Creativity and media planning/buying may hold out best against the consultancy attack but, as media becomes more programmatically driven, it is access to (increasingly backend) data and smart business logic that is required.
And ‘digital transformation’ is a lot about change management, business strategy, data architecture, process, systems integration, cultural transformation etc. This is home turf to consultancies who have also been aggressively acquiring or hiring agency talent.
2.6 Identity management and authentication
We know devices are proliferating, we know we want to deliver personalised experiences across channels, we know multichannel marketing and (re)targeting can work if well executed and we know we want to measure ROI in a properly attributed way across channels. But we also know the sensitivities around data control and privacy.

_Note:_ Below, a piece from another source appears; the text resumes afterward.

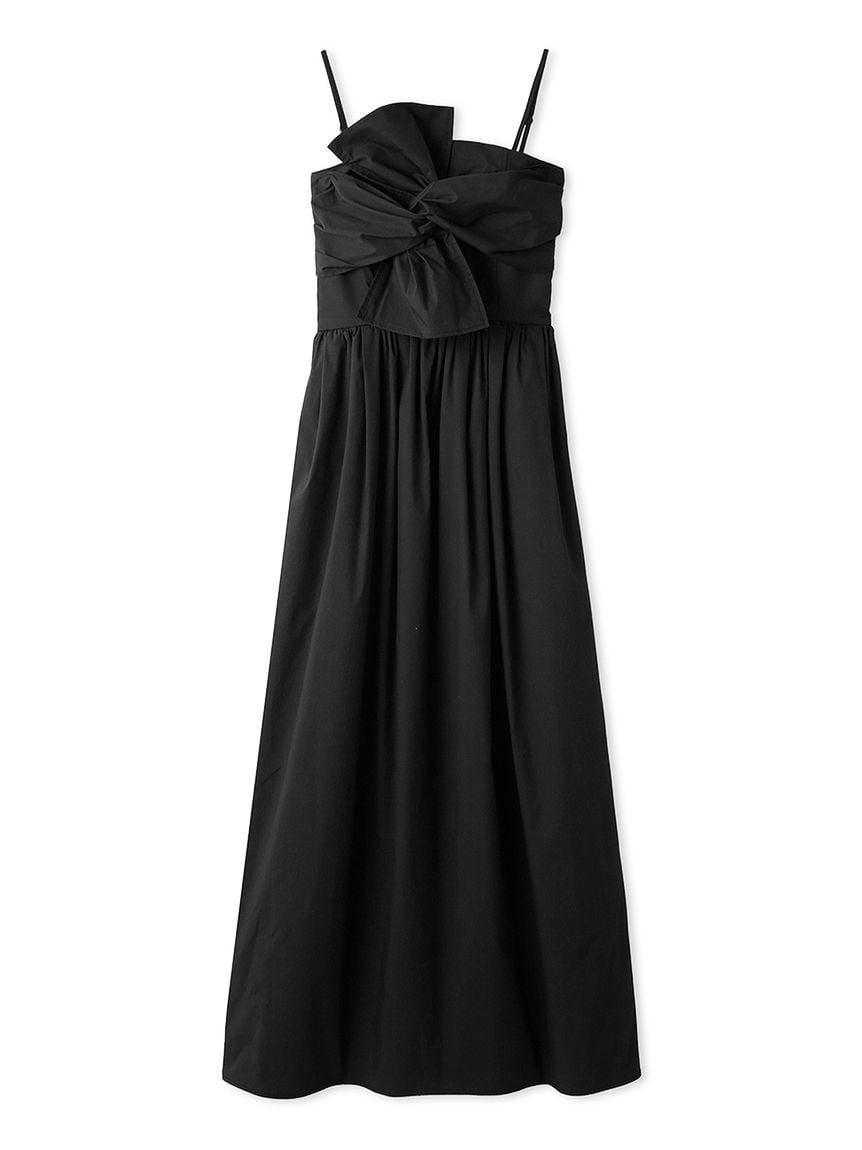 BLK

At the root of these challenges is how, and if at all, we can reliably identify who someone is. And even if we can, what the legal and perception challenges are around what we then do with that knowledge.
This is another reason for the rise and rise of Google and Facebook who can address these challenges at scale and whose users are pretty much logged in all the time wherever they go online. Not a luxury most of us have.
2.7 Talent
Yes, there is still a war for that.
3. Marketing trends for 2017
And now the key trends in marketing.
3.1 Marketing transformation
The ‘death of digital’ debate rumbles on but certainly I have noticed brands talking not only about ‘digital transformation’ but also about ‘marketing transformation’.
Usually the initial focus is a restructure of the marketing organisation, often with the (re)integration of digital marketing, and often with a new person at the top who is increasingly likely to be a CCO (Chief Customer Officer) rather than CMO.
Oystercatchers (a sister brand to Econsultancy and part of Centaur Media plc) note a trend towards clients bringing more marketing teams in house – maybe not permanently but building dream teams for specific tasks.
Accompanying this internal transformation is a re-evaluation of supplier relationships, the likely outcome of which I address earlier, and zero-based budgeting has become more popular as another way to ‘reset the clock’.
The area that I find most interesting is the idea of ‘marketing ops’: the operating system for marketing. This is one effective way of keeping focus but also dealing with complexity and delivering operational efficiency.
Just as (enlightened) IT has ‘dev ops’ it makes absolute sense to me that marketing needs ‘marketing ops’. Marketing is adopting ‘agile’ from the world of technology (incorrectly in many cases, but still…) and could do well to adopt ‘ops’.
If you want to get some insight into this emerging area of marketing I recommend you look at this presentation on marketing ops by Justin Dunham of Urban Airship.
3.2 Customer experience still top of the agenda
Customer experience has been a hot topic for a few years now but it shows no sign of cooling in 2017. Every single piece of market research Econsultancy does into what topics marketers are prioritising, and indeed the equivalent data I have seen from other analysts, shows customer experience topping the charts.
The drivers for this are partly just to meet customers’ rising expectations, i.e. improved experiences, particularly digital and multichannel ones, are something that you just have to do. Partly, of course, it is in an effort to improve ROI through better conversion and retention rates.
2017 will see more ‘customer journey mapping’, more defining of personas and further efforts at personalisation. And, according to Econsultancy’s recent Implementing a CX Strategy research, it is the marketing function which is most likely to own CX within a business. Yet only 8% of companies view themselves as ‘very advanced’ in terms of customer experience maturity.
Multichannel will remain a big focus for customer experience improvements. Amazon Go, which entirely automates the in-store experience using sensors and machine learning, shows what is possible when blending the digital and physical.
Multichannel should not be about the distinction of physical and digital channels but about experience fulfilment: what works best for what experience and customer need.